**WORK TASK**
Find all lines in the listing that include the word "Wood", then copy them.

**MATERIAL FOR THIS EXERCISE**
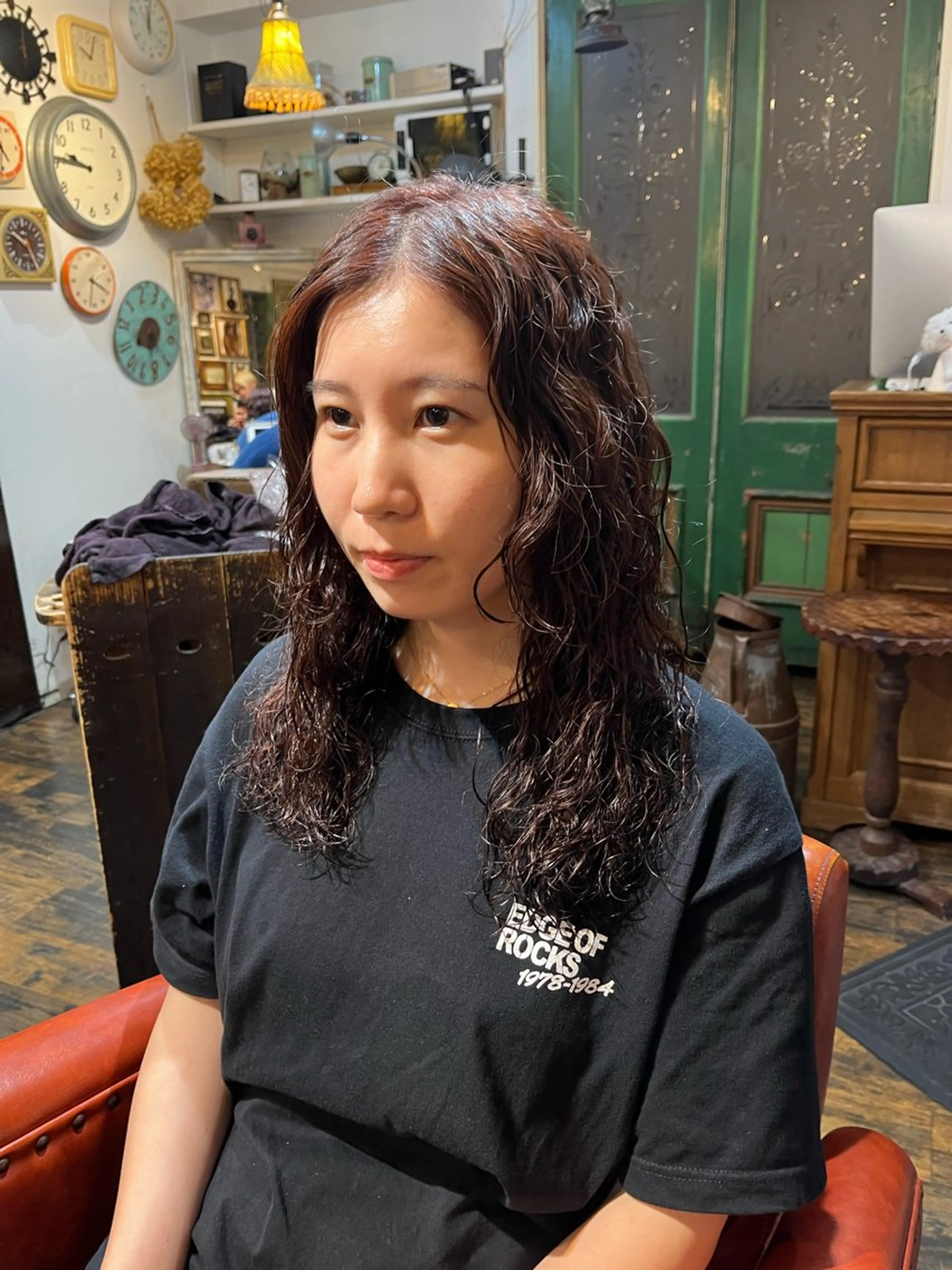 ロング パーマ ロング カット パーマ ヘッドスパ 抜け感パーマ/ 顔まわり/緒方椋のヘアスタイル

==

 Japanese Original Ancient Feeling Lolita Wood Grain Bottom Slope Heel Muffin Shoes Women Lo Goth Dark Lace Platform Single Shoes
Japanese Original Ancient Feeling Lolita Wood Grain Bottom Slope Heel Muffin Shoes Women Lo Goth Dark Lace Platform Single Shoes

**YOUR RESPONSE**
 Japanese Original Ancient Feeling Lolita Wood Grain Bottom Slope Heel Muffin Shoes Women Lo Goth Dark Lace Platform Single Shoes
Japanese Original Ancient Feeling Lolita Wood Grain Bottom Slope Heel Muffin Shoes Women Lo Goth Dark Lace Platform Single Shoes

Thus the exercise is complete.